## TASK TO COMPLETE
From the first line to the last, copy the material exactly.

PROVIDED DATA: Begin

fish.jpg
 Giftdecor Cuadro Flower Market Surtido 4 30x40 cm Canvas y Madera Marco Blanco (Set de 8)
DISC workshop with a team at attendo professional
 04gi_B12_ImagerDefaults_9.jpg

PROVIDED DATA: End

## TASK RESULT
fish.jpg
 Giftdecor Cuadro Flower Market Surtido 4 30x40 cm Canvas y Madera Marco Blanco (Set de 8)
DISC workshop with a team at attendo professional
 04gi_B12_ImagerDefaults_9.jpg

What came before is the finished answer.